# Ribs way too spicy



## banjo5 (Apr 22, 2013)

Smoked some spare ribs yesterday 321 method and they turned out way too spicy. Used Jeff's rub and BBQ sauce. I have used them many times in the past and have never experienced this amount of heat before. My wife tells me I must have mistakened a tsp for a tbs on cayenne.  the spice overwhelmed the entire enjoyment of the smoky flavor and am pretty bummed they turned out so hot. Lips and tongue were burning after taking a bite for quite sometime. I love Jeff's rub and BBQ sauce and have used tem in the past with no overwhelmingness of heat. I like heat but not to the point where a glass of milk and a piece of celery is needed. Whewww. They really had a kick. Habenaro almost. 
Would the BBQ sauce increase in hear if left in fridge overnight and then increase more when applied to ribs the last hour of smoke?
The rub too? Would it increase in heat during the smoke?
Any feed back would be great! 
Favorite BBQ sauces?
Rubs?


----------



## seenred (Apr 22, 2013)

Hmmm...maybe you got more cayenne and black pepper in this batch that you thought?  Those are the ingredients that tend to give that rub some kick.  His sauce has some kick to it too, so maybe a combo of extra spicy rub & extra spicy sauce?
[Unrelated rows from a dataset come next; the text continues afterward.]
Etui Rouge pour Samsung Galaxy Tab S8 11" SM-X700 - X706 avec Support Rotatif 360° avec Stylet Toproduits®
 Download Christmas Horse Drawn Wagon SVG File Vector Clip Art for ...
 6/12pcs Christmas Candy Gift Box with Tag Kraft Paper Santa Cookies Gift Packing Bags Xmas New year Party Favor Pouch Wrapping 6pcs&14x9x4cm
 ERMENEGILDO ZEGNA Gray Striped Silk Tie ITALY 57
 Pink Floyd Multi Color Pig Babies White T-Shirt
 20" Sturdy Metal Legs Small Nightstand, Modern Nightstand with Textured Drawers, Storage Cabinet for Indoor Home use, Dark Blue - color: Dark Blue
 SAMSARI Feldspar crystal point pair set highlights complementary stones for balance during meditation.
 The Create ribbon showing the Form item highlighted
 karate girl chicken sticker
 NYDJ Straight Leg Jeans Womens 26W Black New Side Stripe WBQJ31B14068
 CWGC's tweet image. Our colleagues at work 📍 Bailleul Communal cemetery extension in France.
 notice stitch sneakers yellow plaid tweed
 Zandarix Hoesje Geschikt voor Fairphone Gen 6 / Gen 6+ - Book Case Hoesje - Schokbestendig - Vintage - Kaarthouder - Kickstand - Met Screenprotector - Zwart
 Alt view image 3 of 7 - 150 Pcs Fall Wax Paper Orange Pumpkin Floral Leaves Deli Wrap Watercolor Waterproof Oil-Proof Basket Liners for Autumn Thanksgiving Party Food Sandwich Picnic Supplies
One other thought:  creosote buildup on your meat could have a similar effect, although the taste would be more bitter than spicy-hot.  Did you keep good airflow to prevent white, billowing smoke during the cook?  May be off base, but worth considering.

Red


----------



## dirtsailor2003 (Apr 22, 2013)

I'd have to say that if you have made the rub and sauce before and liked it that you more than likely did mistake the tbs, for tsp. A friend and I did that once back in Junior high making some peanut butter cookies. Instead of putting 1/4 teaspoon salt, and 1/2 cup sugar, we put 1/2 cup salt and 1/4 teaspoon sugar. Needless to say, they were a bit salty!


----------



## banjo5 (Apr 22, 2013)

Thanks for the reply! I made the rub and sauce the day before the smoke and very well could have mistakened measurement(s). Just had leftovers for lunch. First one not so bad. By the third, watch out. 
Could putting to much rub or sauce on effect how spicy it is? 

Red, 
Vents open and had good flow through. Doesn't taste bitter just spicy hot. Using an offset stick burner. Used a rib rack and had cooked 5 racks at a time for some family. Seemed to cook differently than directly on grate. 
Embarrassment is what I felt but they pulled through and ate them anyways. 
Thanks again red


----------



## Bearcarver (Apr 22, 2013)

Yup, sounds like a mistake in TBS/tsp caused it.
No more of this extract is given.